Federico Bruni <f...@inventati.org> writes:

> Il giorno dom 19 lug 2015 alle 14:31, David Kastrup <d...@gnu.org> ha
> scritto:
>> Federico Bruni <f...@inventati.org> writes:
>>
>>>  Il giorno dom 19 lug 2015 alle 14:02, David Kastrup <d...@gnu.org> ha
>>>  scritto:
>>>>  I was talking about "use CSS3 features as long as the behavior when
>>>>  those are not supported still makes sense".
>>>
>>>  it wouldn't make sense
>>>  I guess that you would see just the first image of the slider, there
>>>  would be no transition to the next image
>>
>> So with "slider" you don't mean some user control but rather an
>> automated change of images?  Wouldn't an animated GIF or MNG file
>> provide that?
>
> Yes, images that slide one after another, as in the example I linked
> before.
>
> I read that MNG is not supported by IE, Opera and Safari.
> Perhaps animated GIF could be a way to achieve something similar.

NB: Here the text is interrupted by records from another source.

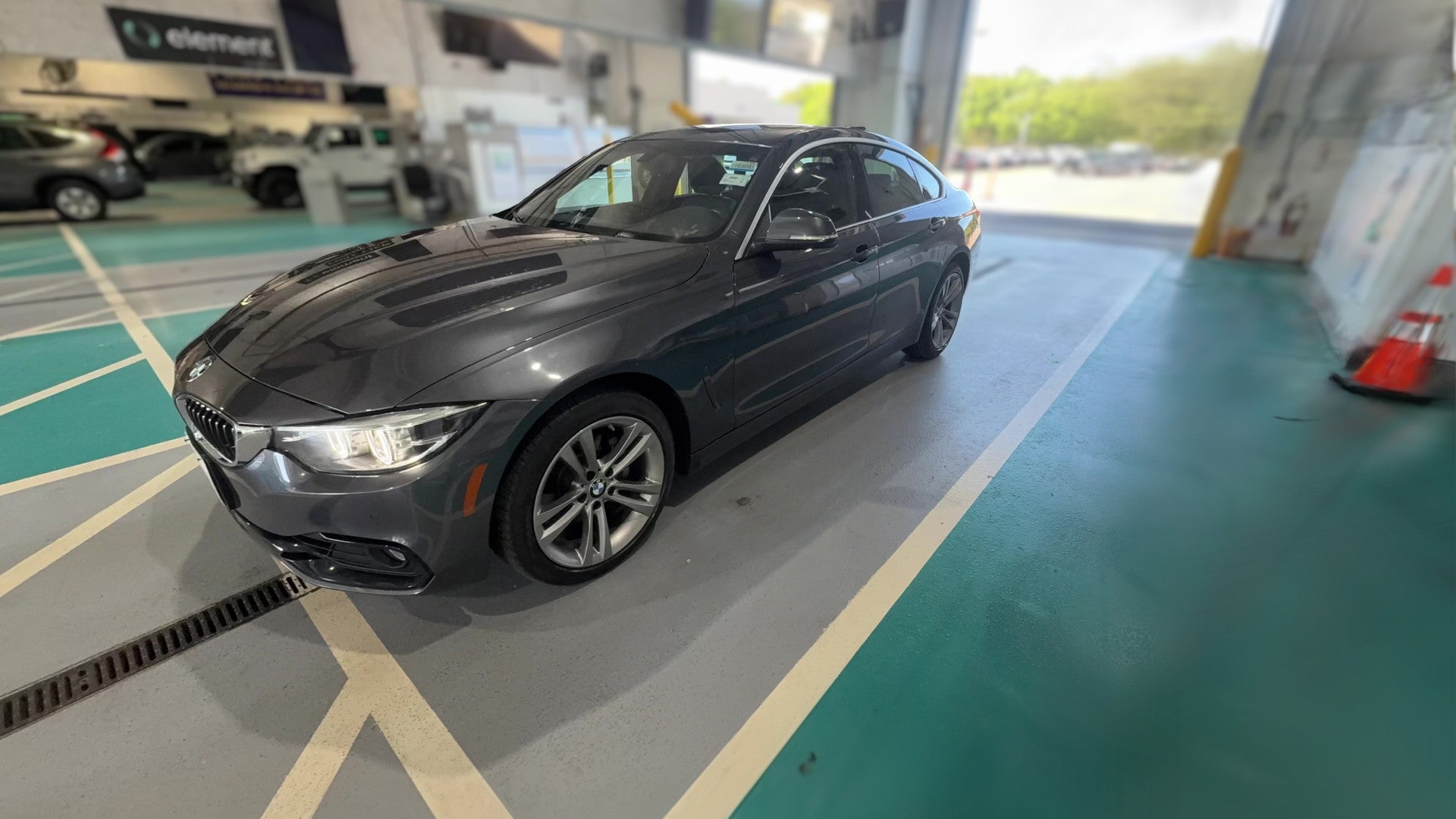 2019 BMW 4 Series vehicle photo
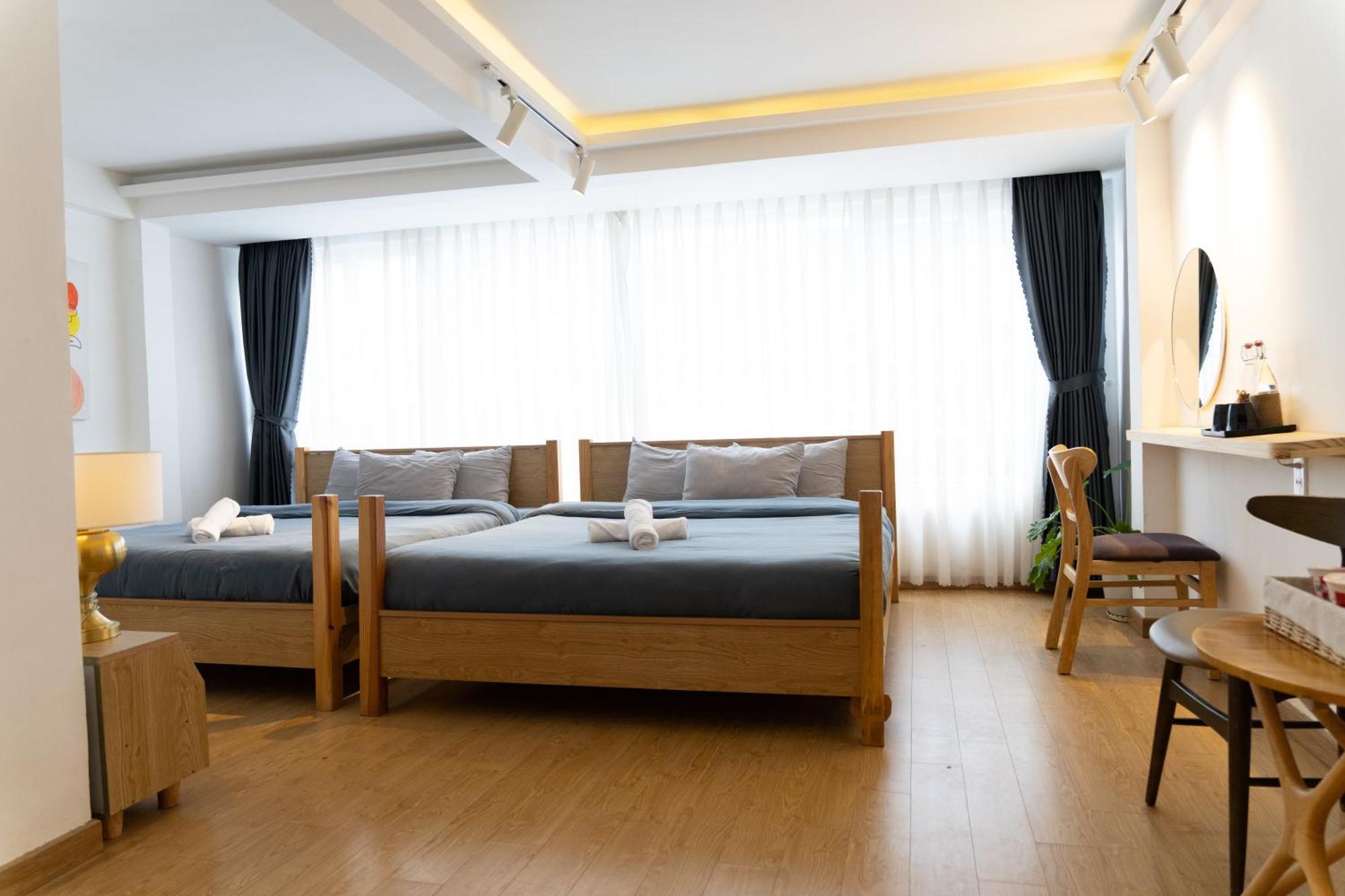 Amigo Luxury Palace- Canh Cho Dem Đà Lạt Ngoại thất bức ảnh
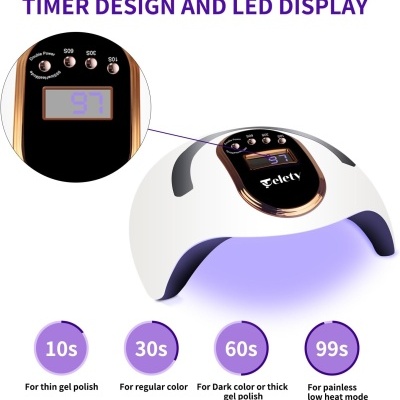 Catalisador Led UV Telety 36 W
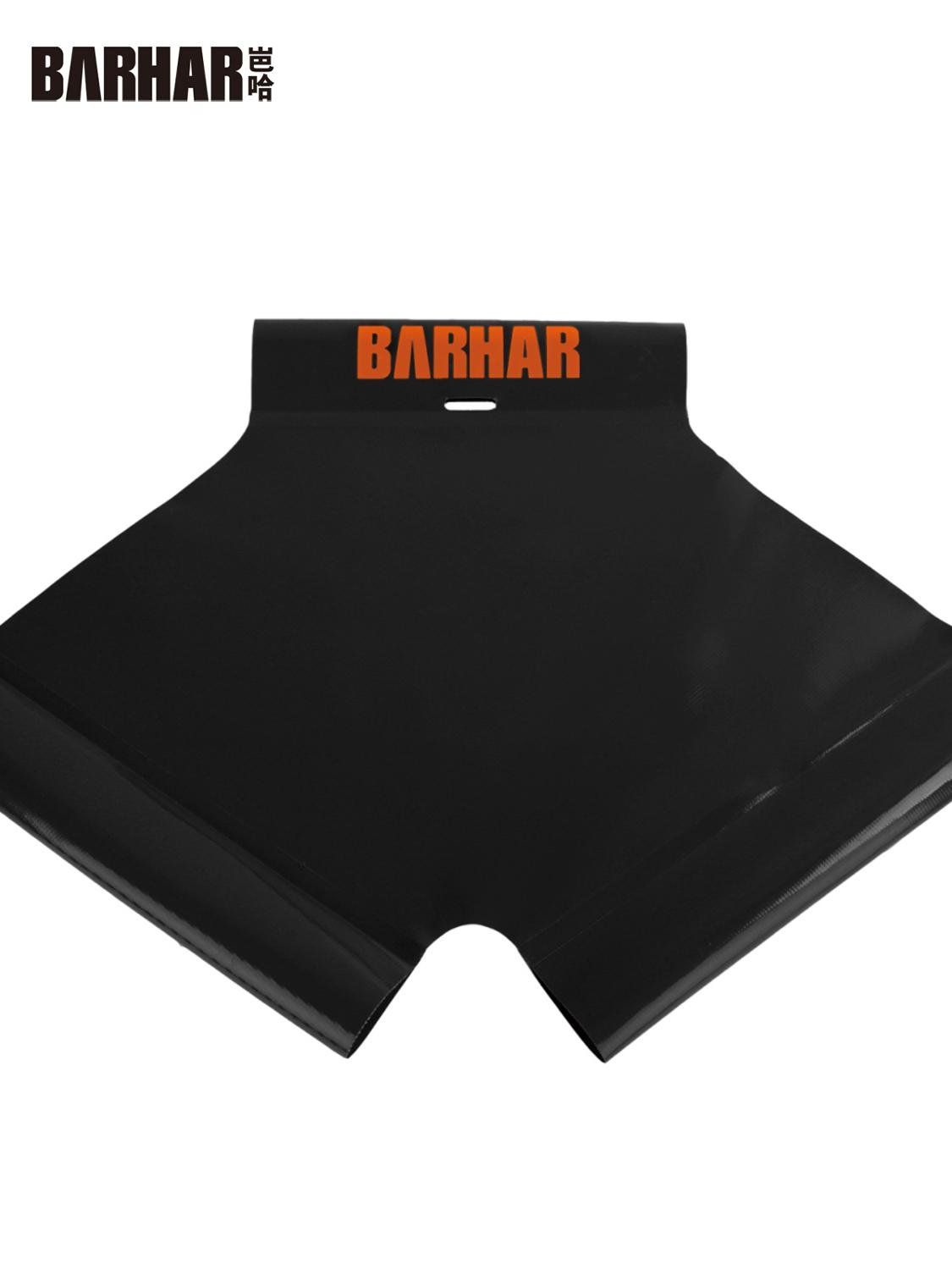 BARHAR BARHAR ♪ ♪ A SEATBELT TOSS ♪
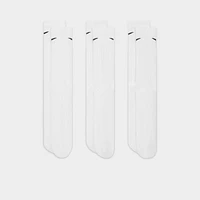 Nike Everyday Plus Cushioned Socks White / Black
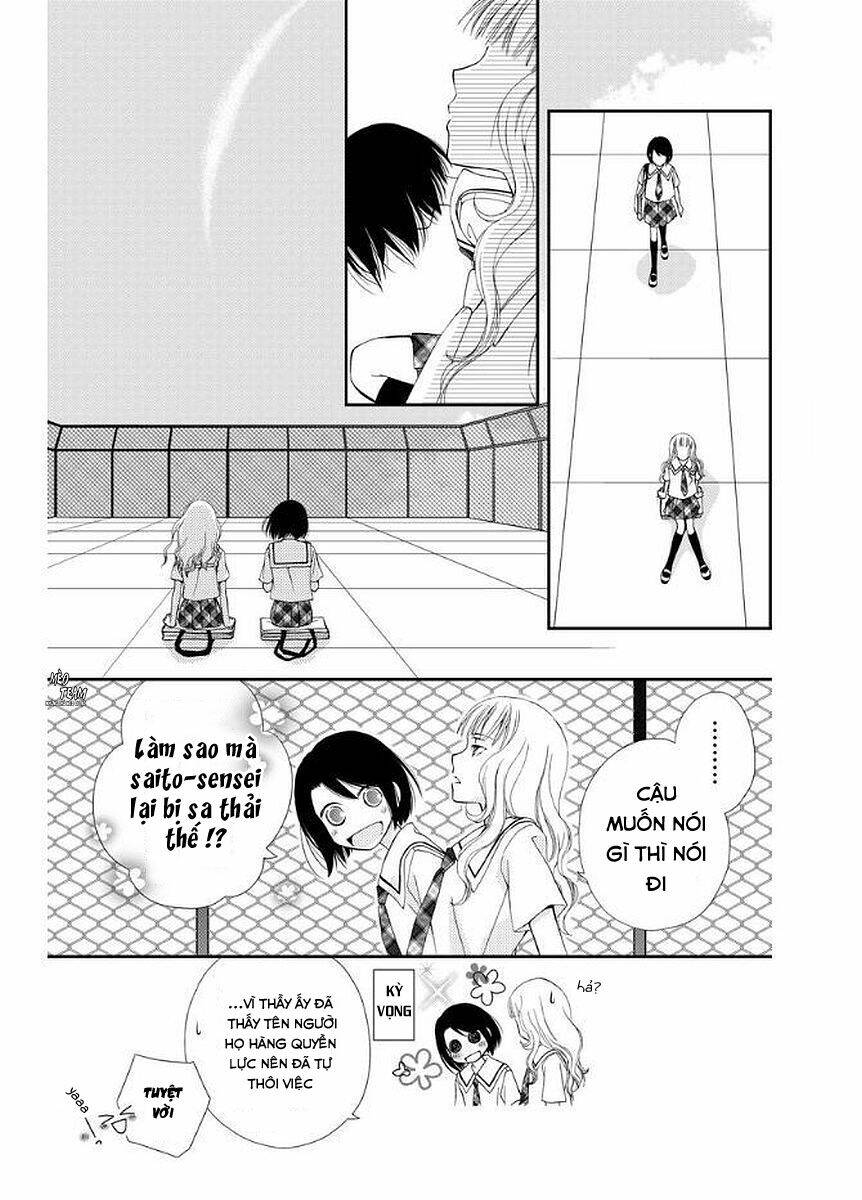 Kekkon x Renai - Chapter 14 - Page 29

Find
> attached an example, generated with:
>
> convert -delay 400 -page 800x360 -loop 0 *.png slider.gif
>
> on some examples I had previously resized to maximum 800 px width.
>
> We found the Nineties solution :-)
>
> James, if you do the texinfo stuff I can create the GIF file of all
> the examples required.

Tell you what: I'm probably the Nineties user.  That GIF annoys me
because it does not allow me to look at stuff as long as I need.  I'd
probably have a similar problem with a "Slider" (which presumably adds
animation to the image flipping).  A slow conveyor-belt like appearance
would likely annoy me less (basically having _only_ animation) but it
still does not beat a statical page for me where _I_ am doing the
scrolling and determining the flow of presentation.